Facile criticare, meno facile proporre. E davvero non si capisce che cosa Polo proponga. Sotto sotto albeggia il solito vizio capitale (oserei dire il peccato originale) di una certa sinistra italiana. Quello di preferire un ruolo di opposizione, una riserva indiana in cui preservare la purezza delle proprie idee, piuttosto che "sporcarsi le mani" e governare il paese, anche a costo di fare compromessi con le altre forze politiche con cui ottenere la maggioranza dei voti e presentare un programma di coalizione che rappresenta un minimo comun denominatore.
In Italia c'è bisogno di sinistra, anche e soprattutto di quella cosiddetta radicale, visto che quella confluita nel PD non è al momento raggiungibile.

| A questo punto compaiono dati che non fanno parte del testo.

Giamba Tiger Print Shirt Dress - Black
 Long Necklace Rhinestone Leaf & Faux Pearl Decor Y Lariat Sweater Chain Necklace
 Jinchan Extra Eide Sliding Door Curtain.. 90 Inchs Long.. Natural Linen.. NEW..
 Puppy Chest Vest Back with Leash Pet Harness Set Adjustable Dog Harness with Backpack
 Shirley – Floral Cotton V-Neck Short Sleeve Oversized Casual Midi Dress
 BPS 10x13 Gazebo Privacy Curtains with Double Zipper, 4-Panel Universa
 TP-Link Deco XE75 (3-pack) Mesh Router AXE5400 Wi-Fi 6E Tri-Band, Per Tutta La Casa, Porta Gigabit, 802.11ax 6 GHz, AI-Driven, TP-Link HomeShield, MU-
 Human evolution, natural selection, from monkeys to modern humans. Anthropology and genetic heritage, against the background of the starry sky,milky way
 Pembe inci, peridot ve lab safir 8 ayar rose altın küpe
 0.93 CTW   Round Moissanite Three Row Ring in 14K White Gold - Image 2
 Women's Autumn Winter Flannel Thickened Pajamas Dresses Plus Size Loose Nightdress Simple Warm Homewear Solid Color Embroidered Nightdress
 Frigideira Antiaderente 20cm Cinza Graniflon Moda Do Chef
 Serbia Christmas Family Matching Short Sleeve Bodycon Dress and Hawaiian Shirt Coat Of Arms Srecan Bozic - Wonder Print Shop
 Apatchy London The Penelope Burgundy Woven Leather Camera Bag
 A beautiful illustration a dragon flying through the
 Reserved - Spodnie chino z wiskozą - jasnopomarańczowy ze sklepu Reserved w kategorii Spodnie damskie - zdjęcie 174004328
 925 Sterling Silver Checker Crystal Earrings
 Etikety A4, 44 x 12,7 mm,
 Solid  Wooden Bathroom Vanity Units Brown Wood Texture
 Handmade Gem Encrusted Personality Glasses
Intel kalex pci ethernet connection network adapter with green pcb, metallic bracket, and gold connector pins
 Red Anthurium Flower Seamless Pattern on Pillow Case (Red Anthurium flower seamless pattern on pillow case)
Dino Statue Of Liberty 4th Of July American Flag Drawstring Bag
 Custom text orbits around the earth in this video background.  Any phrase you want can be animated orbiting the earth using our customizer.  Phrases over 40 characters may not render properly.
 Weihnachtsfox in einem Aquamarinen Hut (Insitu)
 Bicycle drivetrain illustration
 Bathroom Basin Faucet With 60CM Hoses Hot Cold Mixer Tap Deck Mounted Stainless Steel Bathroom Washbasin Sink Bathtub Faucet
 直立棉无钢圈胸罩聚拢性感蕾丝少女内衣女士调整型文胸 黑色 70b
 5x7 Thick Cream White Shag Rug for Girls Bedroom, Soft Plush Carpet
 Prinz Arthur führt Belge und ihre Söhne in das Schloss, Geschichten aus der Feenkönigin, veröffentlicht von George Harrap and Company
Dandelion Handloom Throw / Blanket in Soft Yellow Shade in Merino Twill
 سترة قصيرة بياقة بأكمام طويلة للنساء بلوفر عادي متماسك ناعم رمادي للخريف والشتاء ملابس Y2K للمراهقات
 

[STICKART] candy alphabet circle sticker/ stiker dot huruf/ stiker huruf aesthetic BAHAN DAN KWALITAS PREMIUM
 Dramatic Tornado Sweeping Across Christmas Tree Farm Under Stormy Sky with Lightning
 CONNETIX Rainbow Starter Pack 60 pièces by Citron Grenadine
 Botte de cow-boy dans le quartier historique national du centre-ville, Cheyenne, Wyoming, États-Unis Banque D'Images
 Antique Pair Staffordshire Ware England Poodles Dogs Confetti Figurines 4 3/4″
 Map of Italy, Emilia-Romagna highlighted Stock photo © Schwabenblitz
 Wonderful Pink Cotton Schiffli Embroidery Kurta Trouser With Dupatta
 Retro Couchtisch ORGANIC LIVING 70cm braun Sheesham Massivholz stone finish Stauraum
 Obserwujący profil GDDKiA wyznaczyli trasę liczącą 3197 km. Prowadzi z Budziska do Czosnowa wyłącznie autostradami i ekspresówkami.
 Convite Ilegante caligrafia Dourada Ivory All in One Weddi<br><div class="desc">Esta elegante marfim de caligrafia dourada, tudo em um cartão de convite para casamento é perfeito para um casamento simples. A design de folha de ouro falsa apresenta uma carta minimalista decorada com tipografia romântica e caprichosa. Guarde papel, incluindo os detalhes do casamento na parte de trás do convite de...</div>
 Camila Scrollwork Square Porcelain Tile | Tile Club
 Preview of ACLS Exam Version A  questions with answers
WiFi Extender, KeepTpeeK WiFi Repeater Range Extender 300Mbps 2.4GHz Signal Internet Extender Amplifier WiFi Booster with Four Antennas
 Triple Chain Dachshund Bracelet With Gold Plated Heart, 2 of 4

Ma una sinistra di governo, non una sinistra à la Turigliatto che si limita a preservare la propria "purezza" in un piccolo recinto di opposizione, lasciando al governo Berlusconi-Storace-Bagnasco il compito di governare. Questo è un atteggiamento adolescenziale.
Poi un giorno, di solito, diventi adulto e scopri di dover venire a patti con la realtà.